A practical (and concise) guide to boarding houses
There is so much to consider when refreshing or building a new boarding house. Whilst some of the necessary changes may seem like common sense, it’s always useful to have a quick check over to make sure you are in line with all the necessary guidance and UK standards.
We have outlined 10 things that you will need to consider (in no particular order)
1.Getting the privacy balance right
For boarding students, both full and part time, getting the correct home-from-home feel at your school is crucial. Whilst it is important to make sure that each student has easy access to private areas for reflection or a private chat, is also important to make sure that these boarding house design spaces can still be supervised and aren’t a secluded corner for bullying. Communal spaces are an important aspect to boarding life too, and spaces like common rooms, kitchens and washing areas are places where relationships are built that last a lifetime.
2. Allowing students to personalise their space
Keeping the room design neutral is crucial to giving students ownership to their space. Allowing students to personalise their space lets them create a space where they can feel happier and more at home. And if that means clothes on the floor sometimes then…
3. Get the right amount of students in each bedroom
For younger students, numbers of up to 4, 5 or 6 may work. As students mature, smaller groups tend to work better. Rooms of 1 or 2 give students company but also allow for needed quiet working or relaxation time.
For sixth formers, individual study bedrooms work best as they allow for necessary privacy as well as focussed study space.

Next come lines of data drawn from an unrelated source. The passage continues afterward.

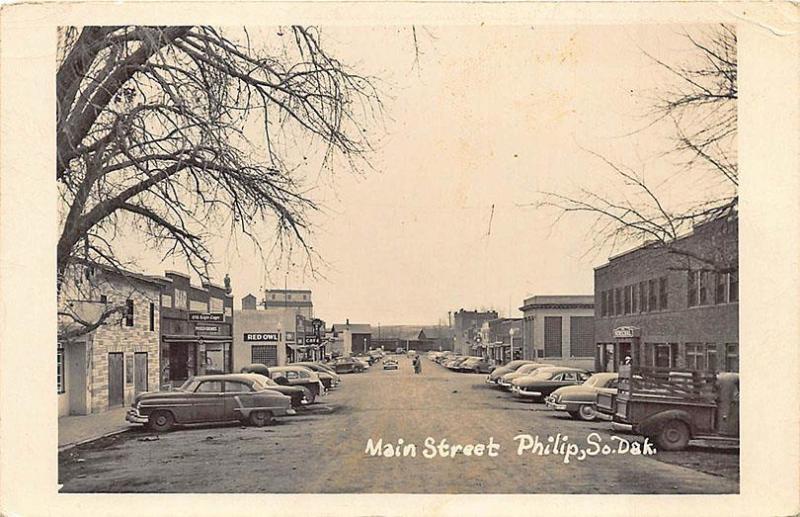 Philip SD Main Street Storefronts Old Siple Lager Sign RPPC Postcard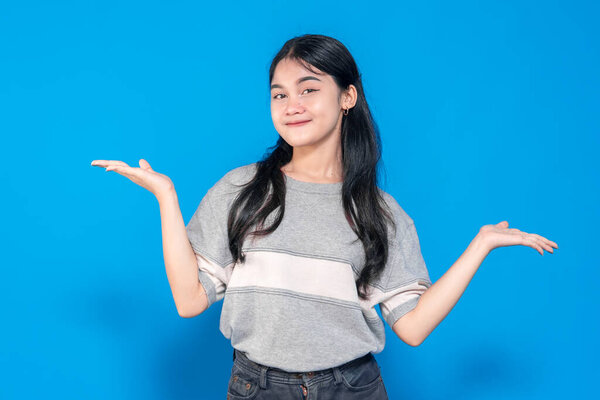 Young Asian woman with a playful smile, raising both hands in a questioning gesture. She looks confident and friendly, wearing a casual outfit against a bright blue background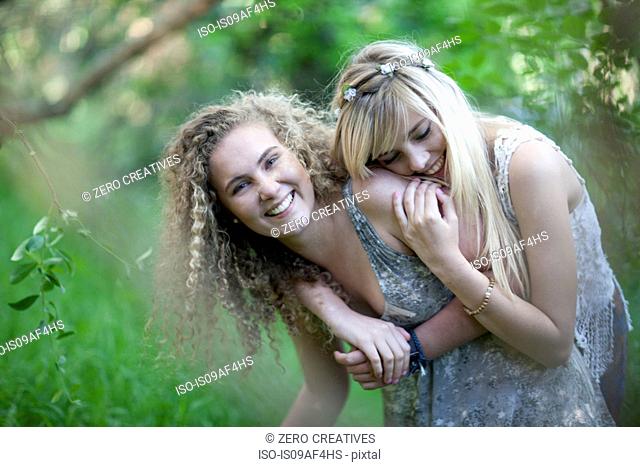 Two teenage girls having fun in woodland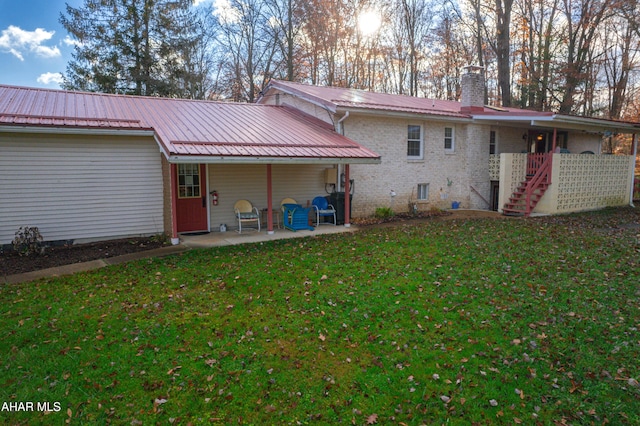 back of property featuring a yard and a patio area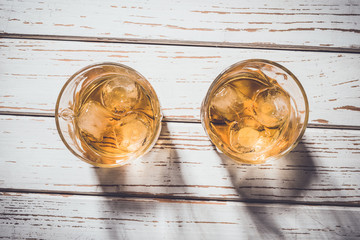 Whiskey glasses with ice cubes on white wooden table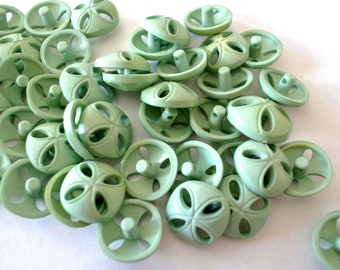 May include: A pile of light green plastic buttons with four holes and a raised center. The buttons have a decorative design with a four-leaf clover shape.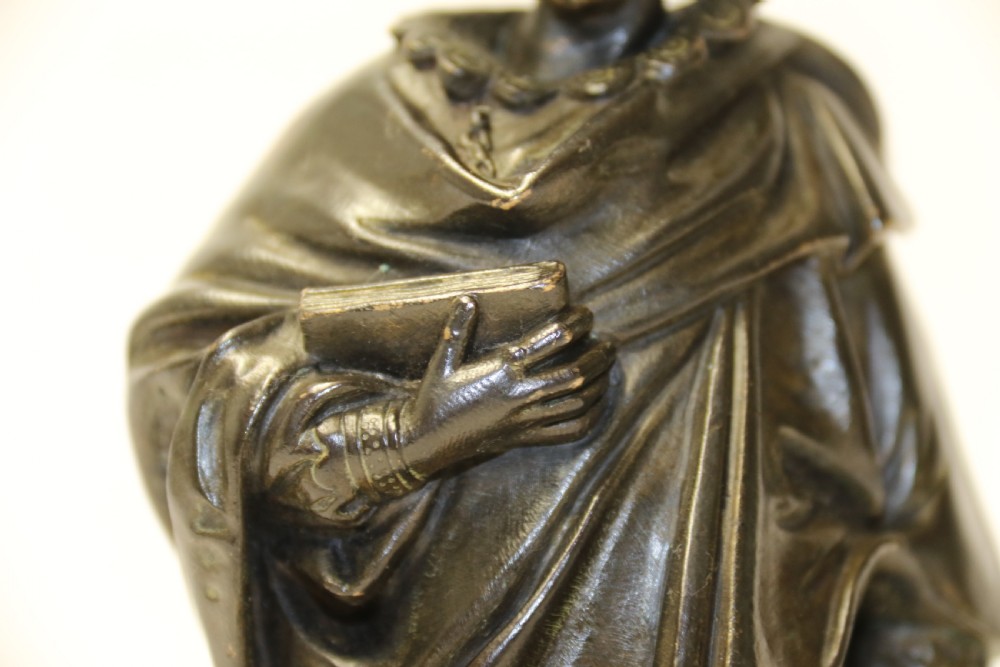 A nineteenth-century patinated bronze sculpture depicting painter Anthony van Dyck in seventeenth-century dress standing on a circular integral base. View IX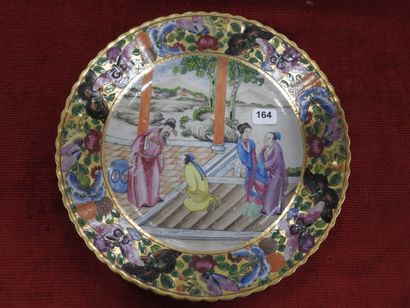 null CHINA: Suite of five porcelain plates with polychrome decoration of palace scenes,...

Communal spaces within the boarding houses where students can prepare food and relax together will still foster a good community spirit.
4. Recreation space
Boarders should have a range of different safe recreation spaces. Both indoor and outdoor spaces and places where students can mix with peers or spend time alone are necessary. Indoor spaces may need to house a wide range of activities, anything from quiet space for puzzles to a communal table tennis space. Opening up the main school facilities for activities like DT or sport will help provide your students with an enriched boarding experience outside of school hours.
5. Washing and laundry facilities
Suitable toilet and washing facilities need to be provided for your students. Toilet facilities should be separate for boys and girls unless the toilet or washing facility is self-contained and intended for use by only one pupil at a time. Washing facilities should also provide adequate privacy for your boarders. A shared bathroom arrangement works well as it encourages students to mix and interact informally, thereby building relationships.

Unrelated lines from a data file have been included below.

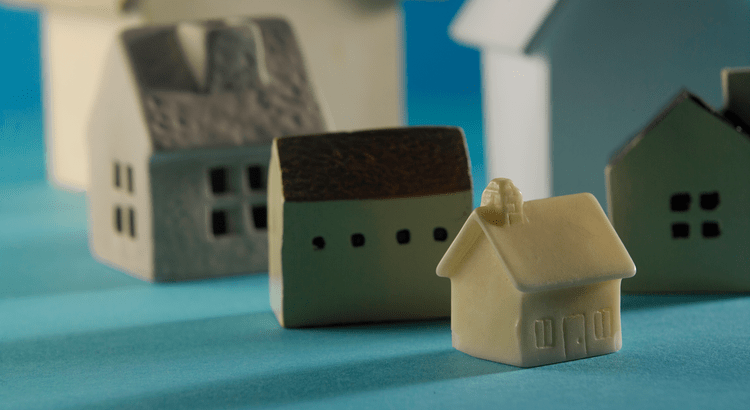 Small ceramic houses sit on a blue surface, with soft lighting creating a warm, inviting atmosphere. A cream-colored house is in the foreground.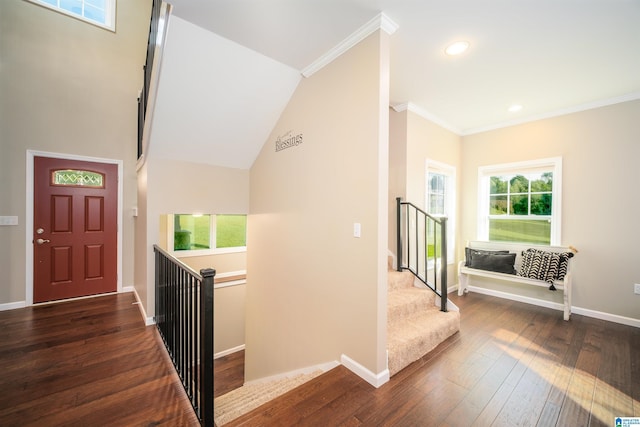 foyer featuring recessed lighting, baseboards, dark wood finished floors, and ornamental molding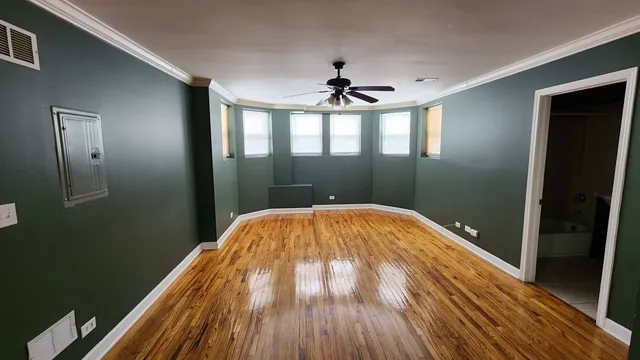 a view of empty room with wooden floor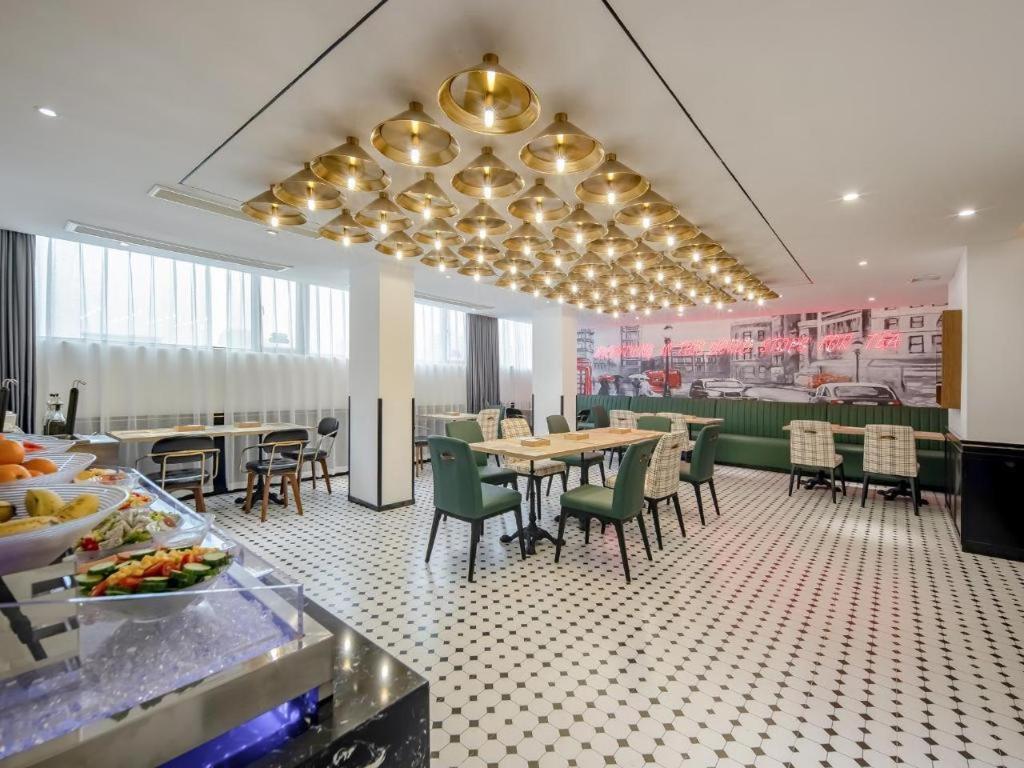 une salle à manger avec des tables et des chaises dans un restaurant dans l'établissement City Comfort Premier Hotel Qinzhou Lingshan Traditional Chinese Medicine Hospital Gymnasium, à Lingshan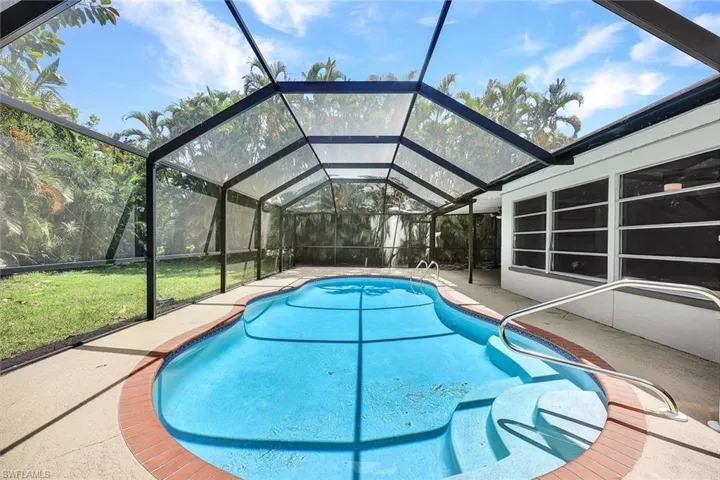 View of pool featuring glass enclosure, a patio area, and a yard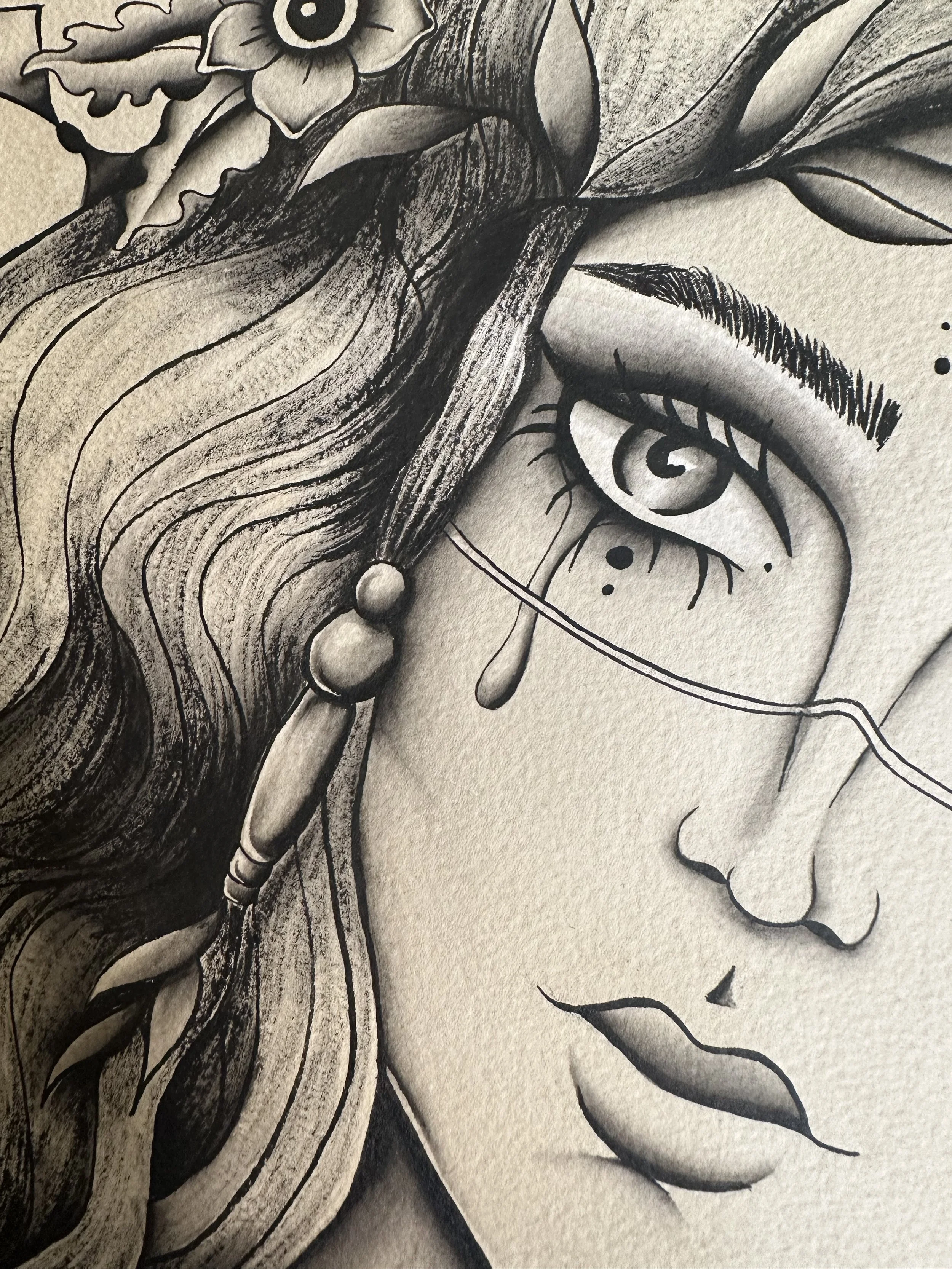A detailed black and white drawing of a person's face with long wavy hair and tears, featuring large expressive eyes, bold eyebrows, and part of the nose and lips visible.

Laundry and cleaning staff also need to be accommodated in your boarding house design. When redesigning a boarding house, you can create spaces for specific purposes that help make life easier for auxiliary staff members.
6. Ensure that there are equal opportunities and promote shared interests.

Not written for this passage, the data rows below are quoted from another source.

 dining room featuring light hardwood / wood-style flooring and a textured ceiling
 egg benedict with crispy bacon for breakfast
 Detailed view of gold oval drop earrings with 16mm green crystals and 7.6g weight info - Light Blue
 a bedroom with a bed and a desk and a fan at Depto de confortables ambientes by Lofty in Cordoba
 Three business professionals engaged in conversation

Within most boarding schools, there is a wide range of non-curricular activities available to boarders. Housing students with similar pursuits (e.g. sport or music) together is a good way to foster talent and build life-long relationships. You will also need to be aware of cultural interests and lifestyles
7. Understand how you are going to accommodate flexi-boarding and day students as needs arise.
Flexi-boarding arrangements differ from school to school. In some schools a large majority of boarders are flexi-boarders which can lead to it’s own challenges, in other schools flexi-boarding is less popular. Having your boarding house designed appropriately will enable a flexi-boarding arrangement to run smoothly without disrupting students that are boarding full-time. This can be accommodated in a number of ways, from movable walls to allocating bedrooms appropriately – speak with one of the team to discuss your specific needs.
8. International students
International students have different boarding expectations to UK students. Be aware of these expectations, and accommodate these in your boarding house design.
9. What else will you use your boarding house for?
Some schools re-purpose their boarding houses for extra uses outside of term time. Whether you’re looking to accommodate conferences or summer schools, it is wise to pay attention to the other uses needed from the space and ensure your design accommodates this. However, always bear in mind the primary purpose of the building, and build a student-centred boarding house (not a conference-centred boarding house!)
10. Is your space design in-keeping with the heritage and ethos of your school?
Take into account the overall ethos and vision of your school when designing your new boarding house. By adopting a user-centred design approach to your project, you can ensure the best long-term success from your project.